The ACLU, the ACLU of Florida and Palestine Legal represent the University of Florida chapter of the Students for Justice in Palestine in a lawsuit against state officials.
TALLAHASSEE, Fla. – Today, the American Civil Liberties Union, the ACLU of Florida, and Palestine Legal argued that Florida officials’ attempt to deactivate the University of Florida chapter of the Students for Justice in Palestine (SJP) is a clear violation of the students’ constitutional rights to free speech and association.
“The court acknowledged today that words have consequences, and we believe that they have consequences in this case,” said Brian Hauss, senior staff attorney with the ACLU Speech, Privacy, and Technology project. “Our client’s brave decision to challenge state officials’ attempt to restrict their speech sends the strong message that censorship is not only unconstitutional, but that it has no place in our schools.”
The ACLU and its partners urged the U.S. District Court for the Northern District of Florida to block Chancellor Ray Rodrigues and Gov. Ron DeSantis’ unconstitutional attempt to silence and punish the University of Florida chapter of SJP based on nothing more than the protected speech of the national SJP organization.
“With more than 25,000 Palestinians killed and more than 60,000 wounded, we see our organizing for the end to all the violence in Gaza as urgent and continuing, and this looming deactivation threat has left us terrified and disheartened,” said students with the University of Florida’s chapter of Students for Justice in Palestine. “As the judge rightly recognized, ‘words have consequences’ and no matter what the ruling is, we can’t let the government silence us or others like us.”
For decades, students have participated in and benefited from the marketplace of ideas on college campuses, particularly with respect to pressing and divisive social and political issues. The Supreme Court has long recognized that right. As the ACLU argued, Florida’s attempt to deactivate the UF SJP violates the groups’ constitutional freedoms by enforcing viewpoint-based restrictions on speech and association.

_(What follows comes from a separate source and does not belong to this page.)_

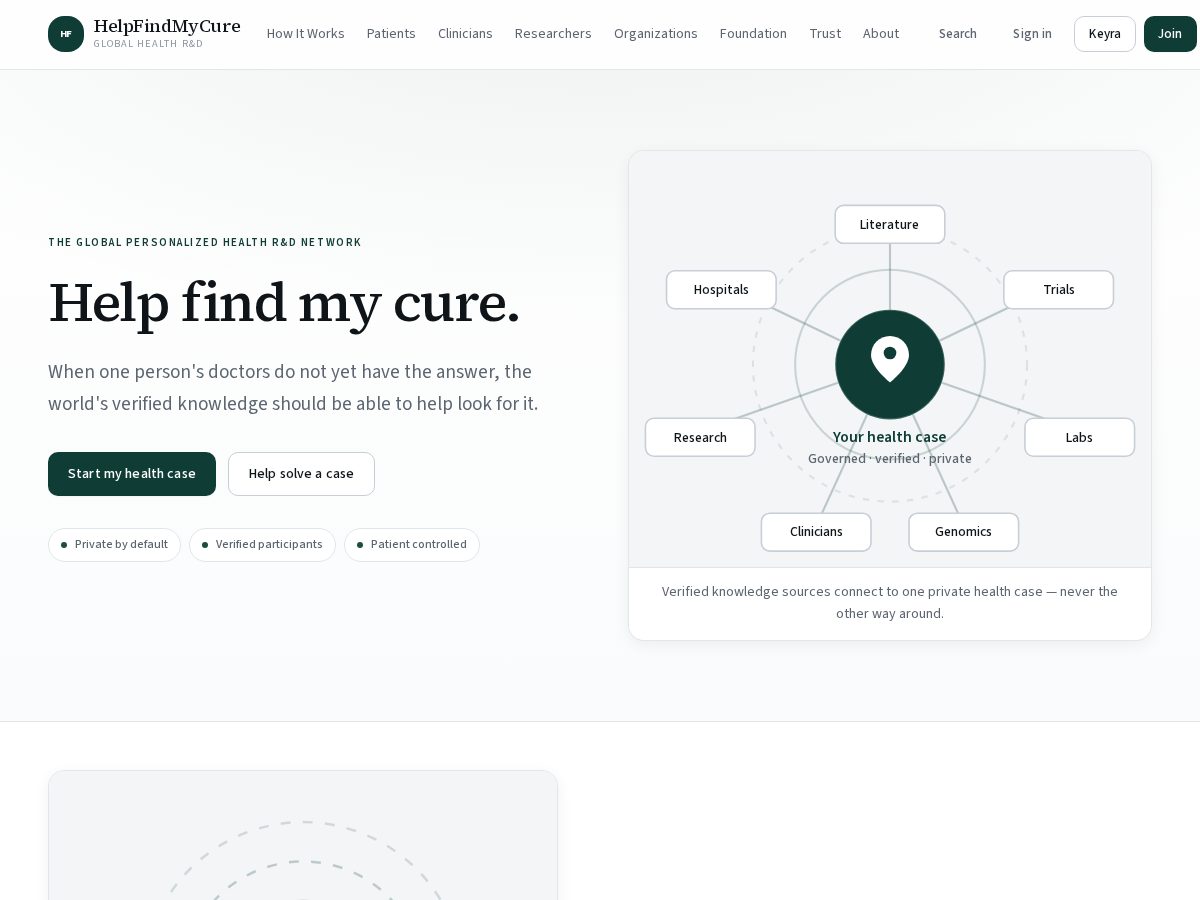 Landing-page snapshot of helpfindmycure.org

“This case is about protecting the role universities play as a place where important social issues can be vigorously debated — free from politicians’ attempts to censor viewpoints they disfavor,” said Howard Simon, interim executive director of the ACLU of Florida. “Florida officials must protect free speech on campus and, at the same time, ensure that all students can pursue their education free from targeted harassment and discrimination. Silencing pro-Palestinian voices neither protects students nor keeps colleges campuses safe.”
The lawsuit comes at a moment when there has been a dangerous surge in efforts across the country to censor students and professors voicing opposition to Israeli and/or U.S. government policies.
“As the court recognized today, the words of officials have real consequences. SJP’s activism sits squarely in the tradition of students speaking out against war and injustice,” said Radhika Sainath, senior staff attorney with Palestine Legal. “The deactivation order puts these students at real risk in a moment when their speech matters more than ever.”